Baguettes and pate instead of sausages in bread. Ricard with water instead of Lion Red. Croque-monsieur instead of bacon and eggs.
This is what we pondered as we haunted the boucheries, boulangeries, charcuteries, antique shops and, mostly, the restaurants of Noumea and southern New Caledonia.
Only 2 1/2 hours' flight from Auckland, this island is a gourmet paradise and a haven for relaxation - even in the middle of a general strike that closed the airport and shortened our time there by several days.
Like so much of the Pacific, European settlers brought a lot of gloom with them. The French colonists settled paradise as a prison colony and the original Kanak population was subjugated and almost destroyed. But it is now in the middle of a cultural renaissance similar to that of the Maori in the 1970s.
Arriving at New Caledonia's international airport - 50km from Noumea - we pick up a rental car and are rudely reminded that we are in a French colony. The steering wheel is on the wrong side. And so are all the other cars.
I adapt, slowly. After stalling the car a few times, driving the wrong way up various streets, almost taking out a motorway toll booth and getting nightmarishly confused in Noumea, we make it through the small central town and over to our hotel in Baia de l'Anse Vata. The 10-minute trip takes nearly two hours and I need a stiff drink when we arrive.
But it's worth it.

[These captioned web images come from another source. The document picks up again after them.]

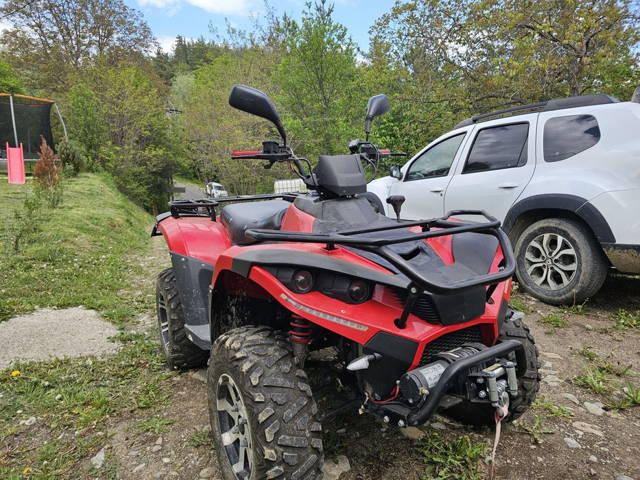 Vand ATV linhai 500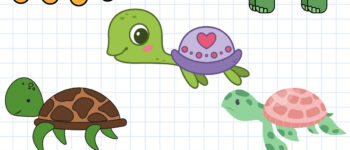 How To Draw A Turtle – 6 Ways (With Pictures)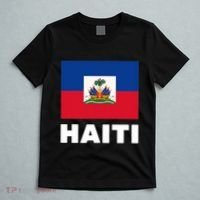 Haitian Flag Day Cool Haiti Flag Pride T-Shirt thumb 5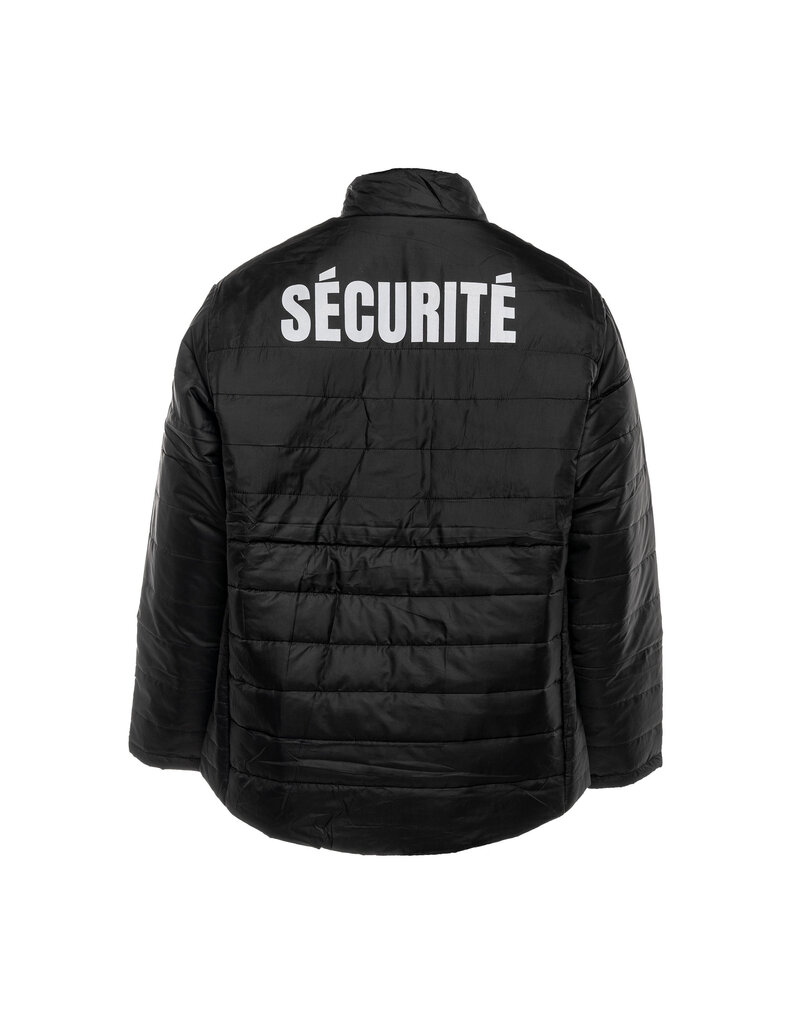 S+ Doudoune de sécurité noire
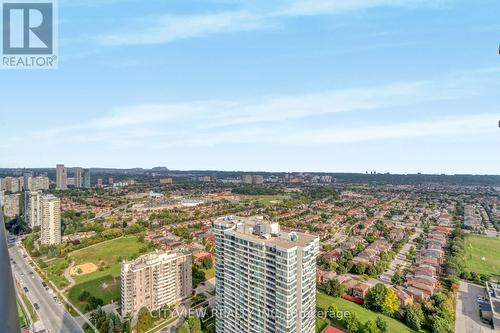 3501 - 3975 Grand Park Drive, Mississauga, ON - Outdoor With View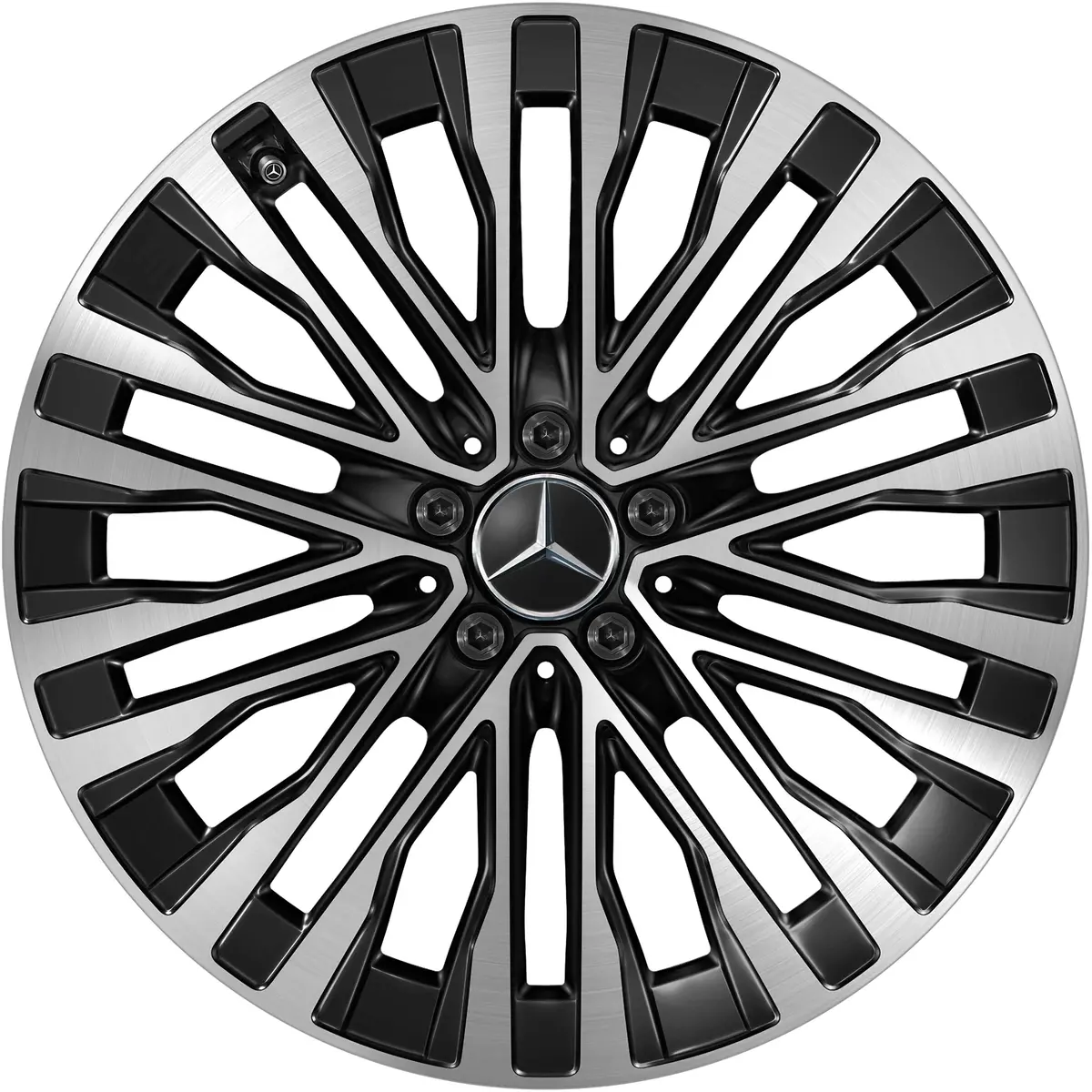 20” Mercedes-Benz S-Class 10 Double Spoke Oe Complete Wheel Set 1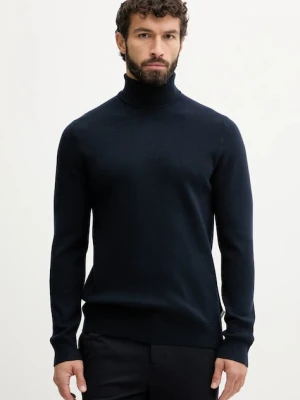 Lindbergh sweter granatowy
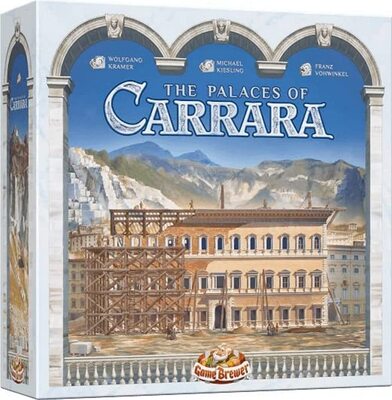 Alle Details zum Brettspiel The Palaces of Carrara (2. Edition - ehem. "Die Paläste von Carrara") und ähnlichen Spielen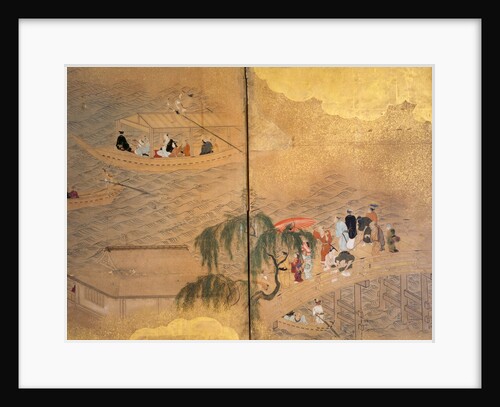 Six-fold Screen. Japan, early 18th century by Anonymous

The next morning we wake to a view of paradise: blue waters and palm-cloaked islands.
Breakfast is a pain au chocolat and a croque-monsieur (grilled or toasted open ham and cheese sandwich).
The stores are stocked with French everything: pate, wine, bread, salami and more. An duty of 40 per cent on all imports makes it all relatively expensive, but still cheaper than you can get in New Zealand.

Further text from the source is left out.